"Perhaps it is the person first and subject matter second": Social relationships and the construction of cultural and civic curricula in a women's study club, 1885-1985

Date of Award


Degree Type


Degree Name

Doctor of Philosophy (PhD)


Teaching and Leadership


Sari Biklen


women's clubs, study clubs, adult education, women's studies, education history

Subject Categories

Other Education


Many historians of women's voluntary associations have discussed the nineteenth-century women's club movement in relation to a number of phenomena, especially the ways clubs helped women become active in civic life. Much of this work focused on vanguard organizations like the General Federation of Women's Clubs. Few historians have explored learning within women's clubs, especially less influential clubs at the community level. Fewer still have considered club work beyond 1920, the watershed of American women's entrance into civic life. Study clubs have been, however, a place where middle-class women have used education to negotiate the boundaries around culture and politics, public and private spheres, formal education and lifelong learning, and feminist and patriarchal arrangements.

This dissertation is a case study of how one study club, the Coterie in Fayetteville, New York, constructed its education from 1885 to 1985. The study had two purposes: first, to explicate what study-club education meant to Coterie participants, and second, to examine the curricula the women devised in order to see how class, gender, and race were factors in the development of their education.
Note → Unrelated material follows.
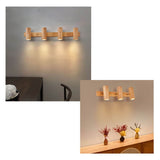 Modern Minimalist Wood Track Spotlight Wall Sconce - 1, 2, or 3 Light Heads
The study makes four arguments. First, that the club's desire to have an intellectual basis for friendship was a core organizing feature of its education. Second, that each club generation redefined the meaning of its work to keep the club relevant and to legitimate the members' association for education. Third, that the cultural and civic curricular strands showed a recursive pattern. The club's cultural and civic curricula were informed by class, gender, and race discourses operating in the club's politics of knowledge. Fourth, that a supportive learning environment for the Coterie women was one in which learning was linked to relationships. The interaction between the club's relational work and educational work offers insights into the design of education that is effective for women.

The study uses a historical case study methodology. Participant observations of club meetings, interviews with members, and relevant secondary sources provided other points of entry into the logic of the study club.